支柱の立て方にはいくつかの方法がありますが、家庭菜園で最もポピュラーで機能的なのが「合掌式」です。畝の両側に支柱を斜めに立てかけ、頂点で交差させて水平な支柱(横棒)で固定する方法で、構造的に安定感があり、強風にも強いのが特徴です。支柱の長さは150cm〜180cm程度のものを用意し、20〜30cmほど深く地面に突き刺して、手で揺すってもぐらつかないようにしっかりと固定しましょう。支柱を立てたら、きゅうりネットなどの園芸用のネットを張り、つるが自然に絡みやすいように準備します。つるが伸びてきたら、茎を傷つけないように麻ひもやビニール紐で軽く8の字に結び、ネットに優しく誘引してあげてください。
肥料・追肥で生育を促すタイミング
ささげの栽培において、肥料の管理は非常にデリケートかつ重要なポイントとなります。良かれと思って与えた肥料が、かえって収穫量を減らす原因になることもあるため、その特性をよく理解しておく必要があります。特に注意したいのが、窒素成分の与えすぎによる「つるボケ」という現象です。

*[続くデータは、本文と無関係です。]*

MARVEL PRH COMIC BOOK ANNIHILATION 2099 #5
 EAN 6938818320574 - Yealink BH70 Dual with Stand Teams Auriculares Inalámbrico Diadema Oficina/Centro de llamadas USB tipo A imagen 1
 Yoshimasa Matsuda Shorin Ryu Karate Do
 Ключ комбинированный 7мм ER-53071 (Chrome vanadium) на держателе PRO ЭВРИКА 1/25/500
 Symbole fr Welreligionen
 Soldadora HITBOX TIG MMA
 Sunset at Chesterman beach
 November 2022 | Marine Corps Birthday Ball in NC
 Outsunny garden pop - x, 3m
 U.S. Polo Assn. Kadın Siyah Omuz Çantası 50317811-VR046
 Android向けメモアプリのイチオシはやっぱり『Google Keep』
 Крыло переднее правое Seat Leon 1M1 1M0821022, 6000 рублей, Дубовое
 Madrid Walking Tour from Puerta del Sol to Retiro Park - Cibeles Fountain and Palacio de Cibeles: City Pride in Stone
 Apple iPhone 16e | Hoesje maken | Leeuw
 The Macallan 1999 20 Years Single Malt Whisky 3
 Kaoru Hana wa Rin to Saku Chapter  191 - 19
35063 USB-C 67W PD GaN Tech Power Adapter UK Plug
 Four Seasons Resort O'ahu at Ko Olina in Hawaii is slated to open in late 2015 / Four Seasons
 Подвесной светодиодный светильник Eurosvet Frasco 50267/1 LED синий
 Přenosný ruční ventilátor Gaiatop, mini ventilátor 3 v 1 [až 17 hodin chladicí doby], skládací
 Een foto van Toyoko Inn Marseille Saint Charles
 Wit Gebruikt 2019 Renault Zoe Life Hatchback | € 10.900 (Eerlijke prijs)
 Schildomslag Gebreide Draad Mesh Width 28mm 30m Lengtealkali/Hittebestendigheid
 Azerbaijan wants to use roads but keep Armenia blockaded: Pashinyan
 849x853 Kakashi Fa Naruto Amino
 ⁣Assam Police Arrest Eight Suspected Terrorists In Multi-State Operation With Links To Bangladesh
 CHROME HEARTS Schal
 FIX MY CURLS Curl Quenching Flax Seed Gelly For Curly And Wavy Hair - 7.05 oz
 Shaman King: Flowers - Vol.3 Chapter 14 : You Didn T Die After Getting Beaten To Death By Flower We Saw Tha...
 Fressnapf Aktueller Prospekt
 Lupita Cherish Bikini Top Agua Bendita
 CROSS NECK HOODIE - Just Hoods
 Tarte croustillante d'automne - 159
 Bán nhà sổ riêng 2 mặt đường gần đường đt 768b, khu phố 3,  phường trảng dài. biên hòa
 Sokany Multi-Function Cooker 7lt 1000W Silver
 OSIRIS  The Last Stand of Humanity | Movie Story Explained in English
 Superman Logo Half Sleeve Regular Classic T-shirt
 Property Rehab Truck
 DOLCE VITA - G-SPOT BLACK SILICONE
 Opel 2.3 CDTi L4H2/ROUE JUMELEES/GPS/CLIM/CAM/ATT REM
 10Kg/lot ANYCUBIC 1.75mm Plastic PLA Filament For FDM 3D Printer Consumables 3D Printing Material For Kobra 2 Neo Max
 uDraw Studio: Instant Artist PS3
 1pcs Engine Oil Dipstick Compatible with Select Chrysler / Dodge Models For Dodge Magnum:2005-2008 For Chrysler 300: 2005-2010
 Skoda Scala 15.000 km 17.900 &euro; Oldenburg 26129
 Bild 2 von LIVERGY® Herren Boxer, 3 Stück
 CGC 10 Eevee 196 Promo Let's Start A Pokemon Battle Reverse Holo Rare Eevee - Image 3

つるボケとは、窒素肥料が過剰になることで、植物が子孫を残すための生殖成長(花や実をつける)よりも、自身の体を大きくする栄養成長(葉や茎を伸ばす)を優先してしまう状態です。葉や茎ばかりが青々と過剰に茂り、肝心な花が咲かなかったり、咲いても実がつかずに落ちてしまったりします。これを防ぐため、元肥は控えめにし、追肥で生育状況を細かく見ながら調整していくのが成功への近道です。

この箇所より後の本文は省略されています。